_Exercise prompt_:
The lines from the start of the data up to and including the one with "Le Domaine De" should be returned exactly, and nothing else.

Stored data entries
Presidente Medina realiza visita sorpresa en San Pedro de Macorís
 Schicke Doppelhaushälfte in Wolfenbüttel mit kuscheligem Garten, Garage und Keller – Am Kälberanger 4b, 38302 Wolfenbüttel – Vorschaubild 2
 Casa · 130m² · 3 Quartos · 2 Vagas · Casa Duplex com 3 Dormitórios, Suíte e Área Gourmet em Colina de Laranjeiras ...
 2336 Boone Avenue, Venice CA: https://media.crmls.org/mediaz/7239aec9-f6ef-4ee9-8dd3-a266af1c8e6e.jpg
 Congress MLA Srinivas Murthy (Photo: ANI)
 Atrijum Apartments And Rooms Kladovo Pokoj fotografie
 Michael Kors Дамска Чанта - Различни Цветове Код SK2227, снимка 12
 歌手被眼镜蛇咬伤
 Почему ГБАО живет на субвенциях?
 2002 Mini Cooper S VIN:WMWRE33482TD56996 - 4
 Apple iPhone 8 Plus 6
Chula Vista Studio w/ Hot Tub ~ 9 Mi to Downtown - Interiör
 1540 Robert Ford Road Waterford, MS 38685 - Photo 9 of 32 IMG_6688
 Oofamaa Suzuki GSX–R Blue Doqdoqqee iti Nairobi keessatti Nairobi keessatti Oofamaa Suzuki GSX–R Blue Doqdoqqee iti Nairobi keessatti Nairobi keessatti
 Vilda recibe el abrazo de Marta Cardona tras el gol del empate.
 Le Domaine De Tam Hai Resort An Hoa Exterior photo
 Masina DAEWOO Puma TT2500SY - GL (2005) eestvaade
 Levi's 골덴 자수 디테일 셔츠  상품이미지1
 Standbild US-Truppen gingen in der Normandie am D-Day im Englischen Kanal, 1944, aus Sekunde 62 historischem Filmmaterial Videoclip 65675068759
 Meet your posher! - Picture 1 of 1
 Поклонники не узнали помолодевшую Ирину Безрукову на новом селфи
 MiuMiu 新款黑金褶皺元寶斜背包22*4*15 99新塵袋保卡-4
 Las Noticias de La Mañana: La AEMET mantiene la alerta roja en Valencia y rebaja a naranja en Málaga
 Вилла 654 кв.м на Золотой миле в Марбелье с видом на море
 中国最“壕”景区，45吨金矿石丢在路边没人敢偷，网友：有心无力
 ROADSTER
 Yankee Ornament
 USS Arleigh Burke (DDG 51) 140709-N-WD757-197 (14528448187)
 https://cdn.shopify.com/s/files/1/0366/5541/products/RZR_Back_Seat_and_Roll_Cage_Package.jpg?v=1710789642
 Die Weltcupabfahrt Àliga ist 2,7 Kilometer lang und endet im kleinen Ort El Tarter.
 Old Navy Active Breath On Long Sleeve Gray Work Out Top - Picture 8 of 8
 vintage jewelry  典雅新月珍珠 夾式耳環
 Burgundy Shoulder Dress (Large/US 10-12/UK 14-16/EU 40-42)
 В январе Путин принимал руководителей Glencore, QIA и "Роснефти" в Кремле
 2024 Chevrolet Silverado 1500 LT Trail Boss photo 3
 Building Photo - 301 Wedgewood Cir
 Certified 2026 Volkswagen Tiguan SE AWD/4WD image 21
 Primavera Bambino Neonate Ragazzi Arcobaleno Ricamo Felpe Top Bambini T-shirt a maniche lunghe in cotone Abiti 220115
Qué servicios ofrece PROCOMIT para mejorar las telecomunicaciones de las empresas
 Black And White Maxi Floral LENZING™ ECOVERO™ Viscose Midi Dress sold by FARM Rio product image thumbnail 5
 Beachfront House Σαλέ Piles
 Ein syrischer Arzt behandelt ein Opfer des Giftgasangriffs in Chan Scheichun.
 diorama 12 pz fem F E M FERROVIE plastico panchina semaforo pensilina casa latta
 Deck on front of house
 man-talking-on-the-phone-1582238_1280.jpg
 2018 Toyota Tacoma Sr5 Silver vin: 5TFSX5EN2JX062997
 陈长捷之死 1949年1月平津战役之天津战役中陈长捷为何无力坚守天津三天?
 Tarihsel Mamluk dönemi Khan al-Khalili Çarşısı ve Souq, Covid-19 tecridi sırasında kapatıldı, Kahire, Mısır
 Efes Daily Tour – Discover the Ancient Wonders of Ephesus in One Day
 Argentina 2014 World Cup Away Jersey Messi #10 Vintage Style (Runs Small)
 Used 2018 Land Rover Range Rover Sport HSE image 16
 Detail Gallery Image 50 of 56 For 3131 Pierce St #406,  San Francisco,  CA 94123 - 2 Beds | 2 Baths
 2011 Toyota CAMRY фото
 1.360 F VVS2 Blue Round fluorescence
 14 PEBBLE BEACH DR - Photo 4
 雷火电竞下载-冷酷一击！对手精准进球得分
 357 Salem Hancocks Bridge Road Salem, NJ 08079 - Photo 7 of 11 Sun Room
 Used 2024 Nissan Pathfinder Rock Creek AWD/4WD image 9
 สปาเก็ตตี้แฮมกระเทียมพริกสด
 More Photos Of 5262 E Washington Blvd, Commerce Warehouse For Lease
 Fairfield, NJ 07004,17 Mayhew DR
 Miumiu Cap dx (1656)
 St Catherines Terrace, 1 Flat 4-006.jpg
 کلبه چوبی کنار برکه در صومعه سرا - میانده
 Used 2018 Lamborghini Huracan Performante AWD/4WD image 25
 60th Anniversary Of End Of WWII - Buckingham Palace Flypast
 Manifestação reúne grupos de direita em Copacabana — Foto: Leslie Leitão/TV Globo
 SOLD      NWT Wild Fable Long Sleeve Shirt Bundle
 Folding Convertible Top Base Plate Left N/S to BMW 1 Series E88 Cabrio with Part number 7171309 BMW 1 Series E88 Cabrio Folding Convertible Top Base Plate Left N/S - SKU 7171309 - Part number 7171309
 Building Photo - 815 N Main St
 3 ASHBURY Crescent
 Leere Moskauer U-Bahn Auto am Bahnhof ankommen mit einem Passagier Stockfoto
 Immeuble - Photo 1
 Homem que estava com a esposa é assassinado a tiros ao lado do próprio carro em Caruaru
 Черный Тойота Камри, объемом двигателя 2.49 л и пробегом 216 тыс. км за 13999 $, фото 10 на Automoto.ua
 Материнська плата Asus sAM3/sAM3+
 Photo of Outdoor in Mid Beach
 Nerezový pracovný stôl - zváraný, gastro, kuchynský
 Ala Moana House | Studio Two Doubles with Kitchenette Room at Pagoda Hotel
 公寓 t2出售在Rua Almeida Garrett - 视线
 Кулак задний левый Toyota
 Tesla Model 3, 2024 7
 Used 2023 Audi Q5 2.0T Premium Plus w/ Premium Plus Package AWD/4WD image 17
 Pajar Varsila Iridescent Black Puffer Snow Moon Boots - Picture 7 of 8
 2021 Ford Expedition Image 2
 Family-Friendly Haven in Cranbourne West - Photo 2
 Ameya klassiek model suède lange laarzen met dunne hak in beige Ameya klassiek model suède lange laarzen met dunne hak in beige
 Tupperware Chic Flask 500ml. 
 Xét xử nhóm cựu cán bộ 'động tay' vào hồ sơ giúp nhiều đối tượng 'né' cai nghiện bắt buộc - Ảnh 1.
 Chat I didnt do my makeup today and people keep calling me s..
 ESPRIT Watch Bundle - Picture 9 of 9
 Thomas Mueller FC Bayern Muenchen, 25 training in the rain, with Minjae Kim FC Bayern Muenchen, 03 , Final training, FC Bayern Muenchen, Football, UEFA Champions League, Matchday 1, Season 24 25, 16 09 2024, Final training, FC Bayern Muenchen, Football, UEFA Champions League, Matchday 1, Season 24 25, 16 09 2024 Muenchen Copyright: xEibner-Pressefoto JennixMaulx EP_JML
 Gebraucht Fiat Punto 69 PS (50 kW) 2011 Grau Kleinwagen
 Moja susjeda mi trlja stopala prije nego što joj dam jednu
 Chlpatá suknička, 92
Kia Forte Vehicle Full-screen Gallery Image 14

_Solution_:
Presidente Medina realiza visita sorpresa en San Pedro de Macorís
 Schicke Doppelhaushälfte in Wolfenbüttel mit kuscheligem Garten, Garage und Keller – Am Kälberanger 4b, 38302 Wolfenbüttel – Vorschaubild 2
 Casa · 130m² · 3 Quartos · 2 Vagas · Casa Duplex com 3 Dormitórios, Suíte e Área Gourmet em Colina de Laranjeiras ...
 2336 Boone Avenue, Venice CA: https://media.crmls.org/mediaz/7239aec9-f6ef-4ee9-8dd3-a266af1c8e6e.jpg
 Congress MLA Srinivas Murthy (Photo: ANI)
 Atrijum Apartments And Rooms Kladovo Pokoj fotografie
 Michael Kors Дамска Чанта - Различни Цветове Код SK2227, снимка 12
 歌手被眼镜蛇咬伤
 Почему ГБАО живет на субвенциях?
 2002 Mini Cooper S VIN:WMWRE33482TD56996 - 4
 Apple iPhone 8 Plus 6
Chula Vista Studio w/ Hot Tub ~ 9 Mi to Downtown - Interiör
 1540 Robert Ford Road Waterford, MS 38685 - Photo 9 of 32 IMG_6688
 Oofamaa Suzuki GSX–R Blue Doqdoqqee iti Nairobi keessatti Nairobi keessatti Oofamaa Suzuki GSX–R Blue Doqdoqqee iti Nairobi keessatti Nairobi keessatti
 Vilda recibe el abrazo de Marta Cardona tras el gol del empate.
 Le Domaine De Tam Hai Resort An Hoa Exterior photo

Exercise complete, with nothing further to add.